Unfortunately, you cannot do convenient double indexing on multidimensional lists. For this, you need numpy.
In [17]:
import numpy as np
a = np.array([[(i+1)*(j+1)for j in range(5)]
for i in range(3)])
print(a)
print(a[:, 0])
print(a[0, :])
Exercise 5. Get the bottom-right 2x2 submatrix of a.
In [ ]:
Python will hide the pain of working with types: you don't have to declare the type of any variable. But this does not mean they don't have a type. The type gets assigned automatically via an internal type inference mechanism.

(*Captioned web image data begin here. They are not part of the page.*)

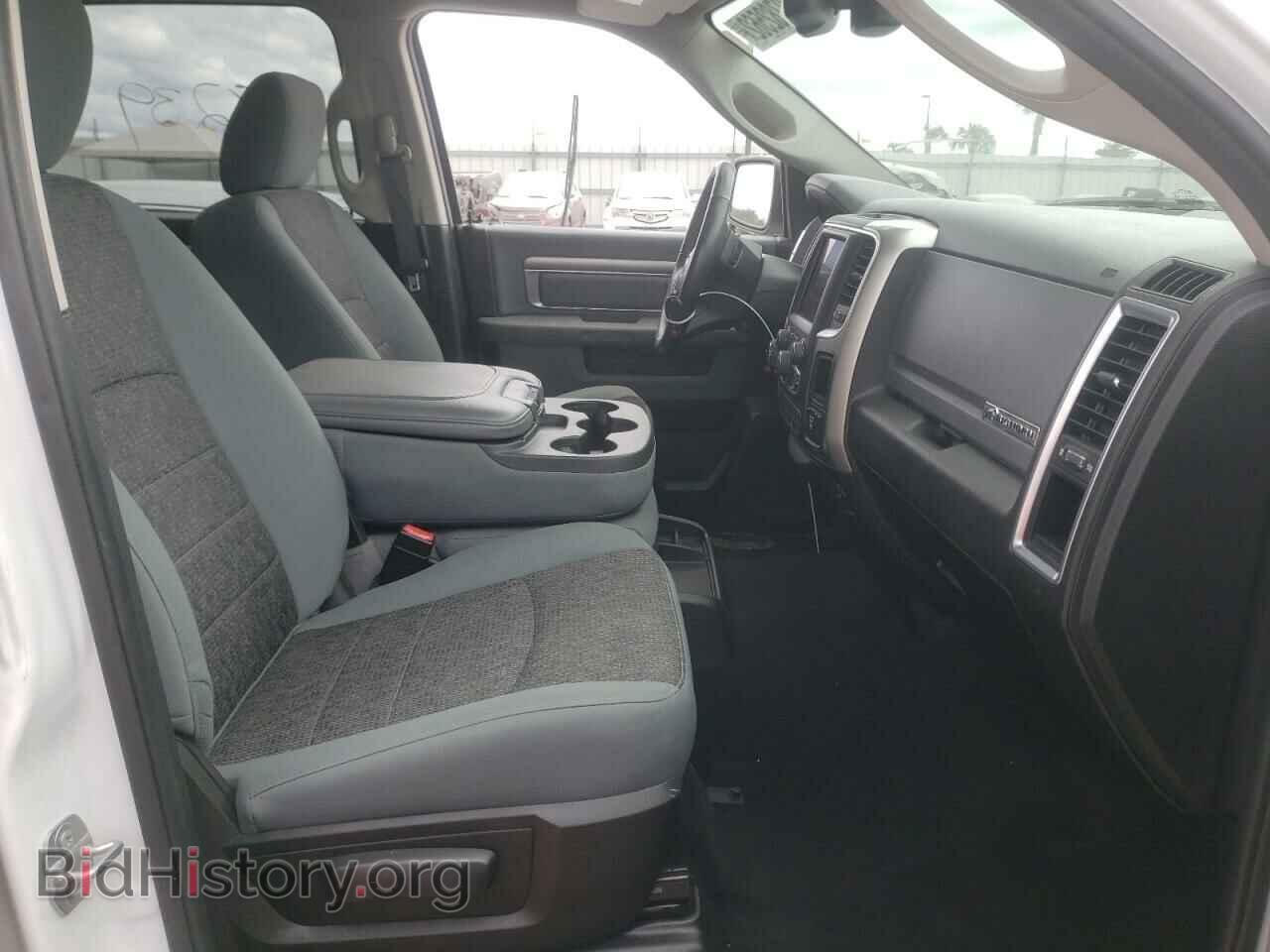 2019 RAM 1500 - VIN: 1C6RR6LT5KS554767 - Photo 5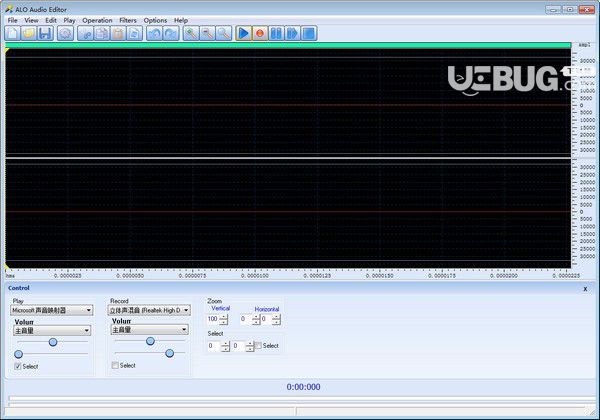 ALO Audio Editor(音頻編輯工具)v3.3.290免費版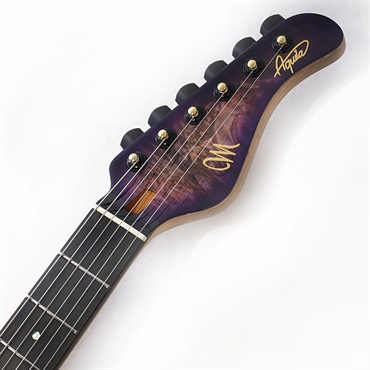 MAYONES Aquila Elite V24 S 6 (Trans Jeans Black 3Tone Purple Burst Gloss) 画像8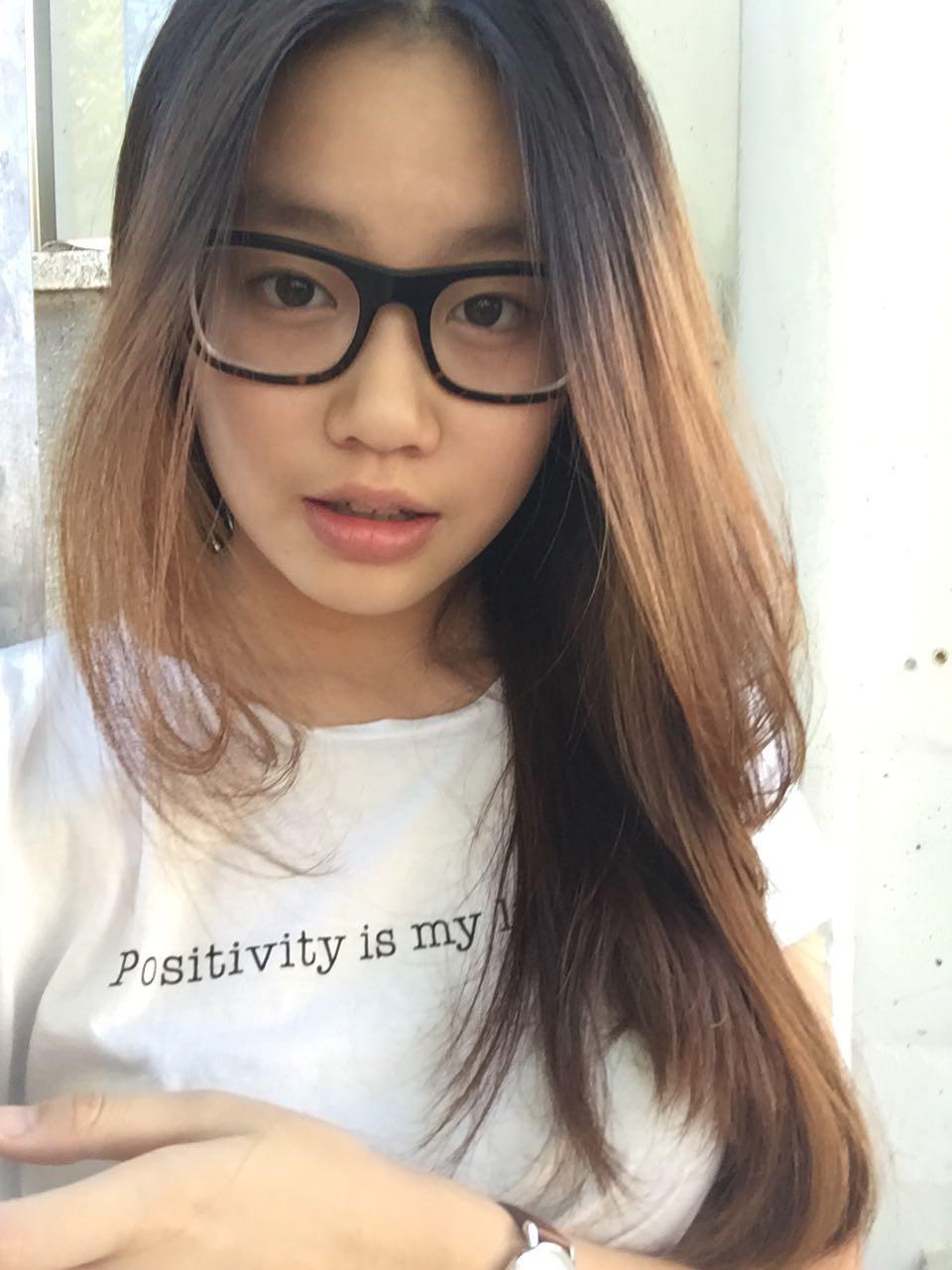 被自己美到是一种什么样的体验? - valentina 的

To demonstrate this, we import the main numerical and symbolic packages, along with an option to pretty-print symbolic operations.
In [18]:
import sympy as sp
import numpy as np
from sympy.interactive import printing
printing.init_printing(use_latex='mathjax')
In [19]:
print(np.sqrt(2))
sp.sqrt(2)
Out[19]:
The types tell you why these two look different:
In [20]:
print(type(np.sqrt(2)))
print(type(sp.sqrt(2)))
The symbolic representation is, in principle, infinite precision, whereas the numerical representation uses 64 bits.
As we said above, you can do some things with numpy arrays that you cannot do with lists. Their types can be checked:
In [21]:
a = [0. for _ in range(5)]
b = np.zeros(5)
print(a)
print(b)
print(type(a))
print(type(b))
There are many differences between numpy arrays and lists. The most important ones are that lists can expand, but arrays cannot, and lists can contain any object, whereas numpy arrays can only contain things of the same type.

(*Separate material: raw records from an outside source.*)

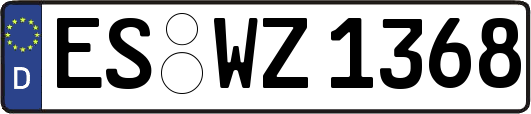 ES-WZ1368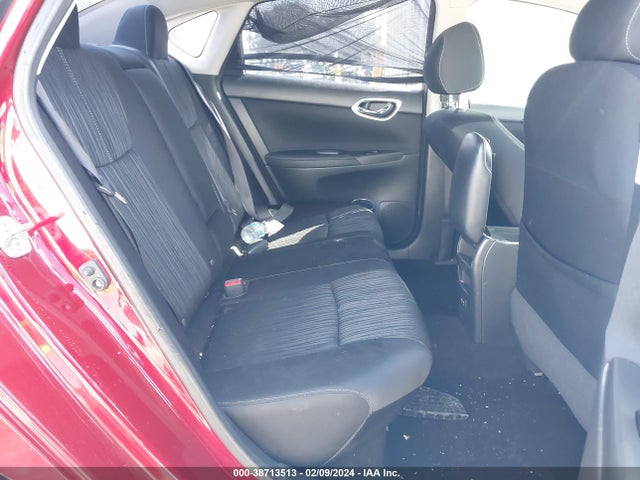 Nissan SENTRA SV 2018 3N1AB7AP4JY279224 Image 8
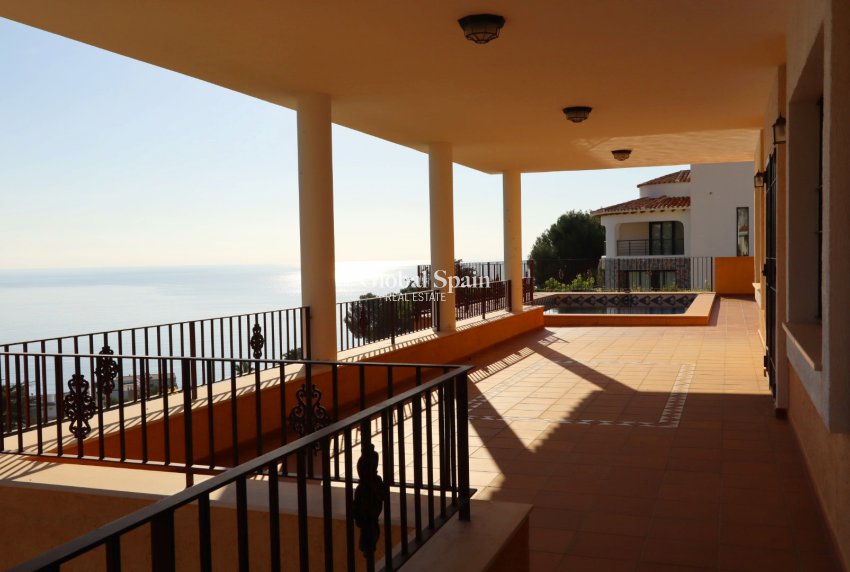 Venta - VILLA -
ALTEA - Costa Blanca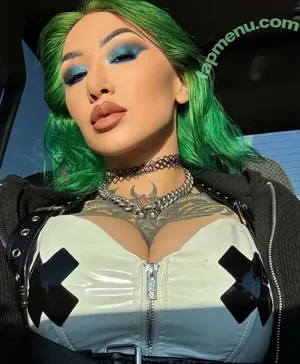 WWE Shotzi / Shotzi Blackheart / ShotziWWE nude photo #0225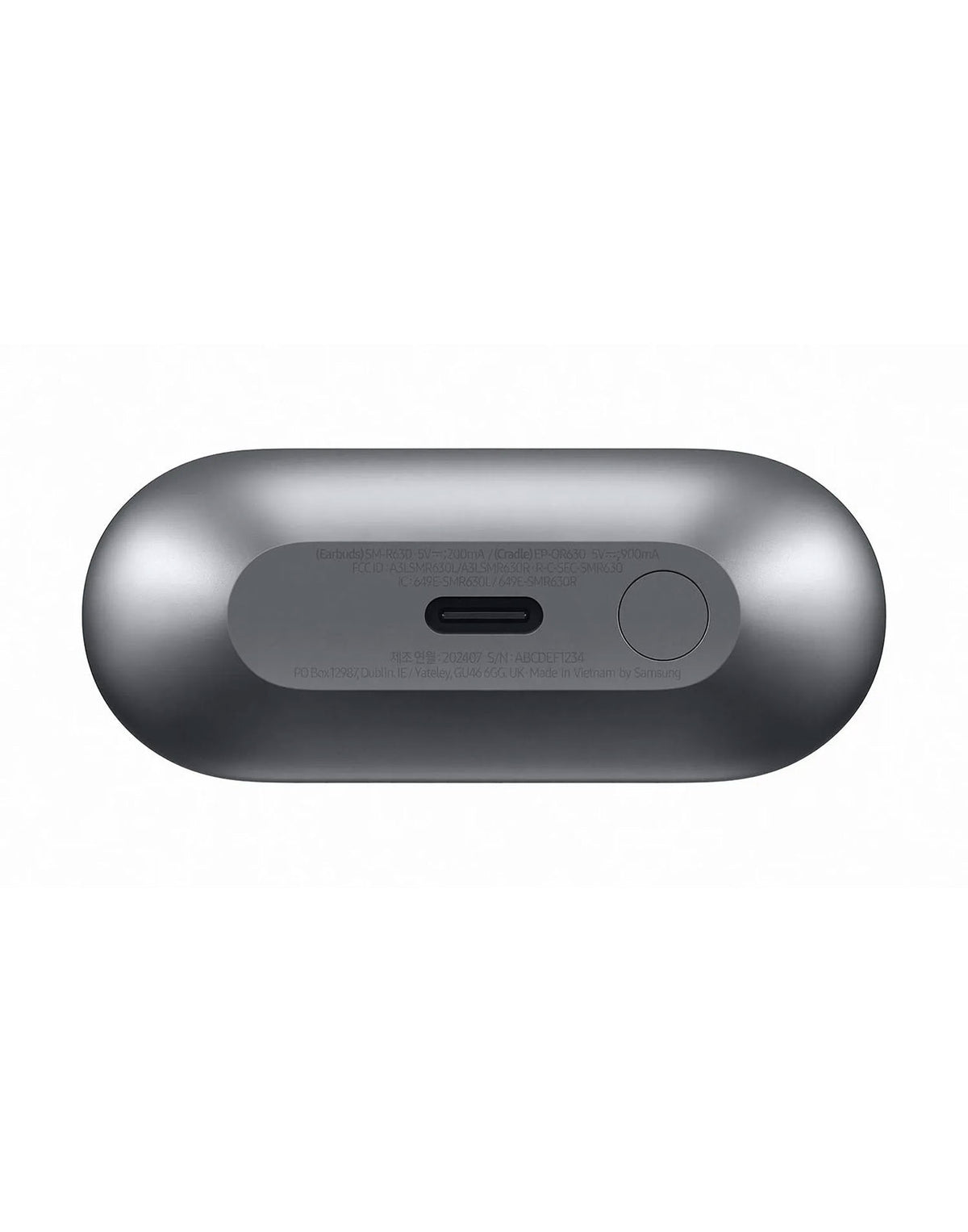 Samsung Galaxy Buds 3 Pro - Silver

Type conversion is (usually) easy:
In [22]:
print(type(list(b)))
print(type(np.array(a)))
This is where the trouble begins:
In [23]:
from sympy import sqrt
from numpy import sqrt
sqrt(2)
Out[23]:
Because of this, never import everything from a package: from numpy import * is forbidden.
Exercise 6. What would you do to keep everything at infinite precision to ensure the correctness of a computational proof? This does not seem to be working:
In [57]:
b = np.zeros(3)
b[0] = sp.pi
b[1] = sqrt(2)
b[2] = 1/3
print(b)
Python packages and individual functions typically come with documentation. Documentation is often hosted on ReadTheDocs. For individual functions, you can get the matching documentation as you type. Just press Shift+Tab on a function:
In [ ]:
sp.sqrt
In Spyder, Ctrl+I will bring up the documentation of the function.
This documentation is called docstring, and it is extremely easy to write, and you should do it yourself if you write a function. It is epsilon effort and it will take you a second to write it. Here is an example:
In [24]:
def multiply(a, b):
"""Multiply two numbers together.
:param a: The first number to be multiplied.
:type a: float.
:param b: The second number to be multiplied.
:type b: float.
:returns: the multiplication of the two numbers.
"""
return a*b
Now you can press Shift+Tab to see the above documentation:
In [ ]:
multiply
Exercise 7. In the documentation above, it was specified that the types of the arguments are floats, but the actual implementation multiplies anything. Add a type check. Then extend the function and the documentation to handle three inputs.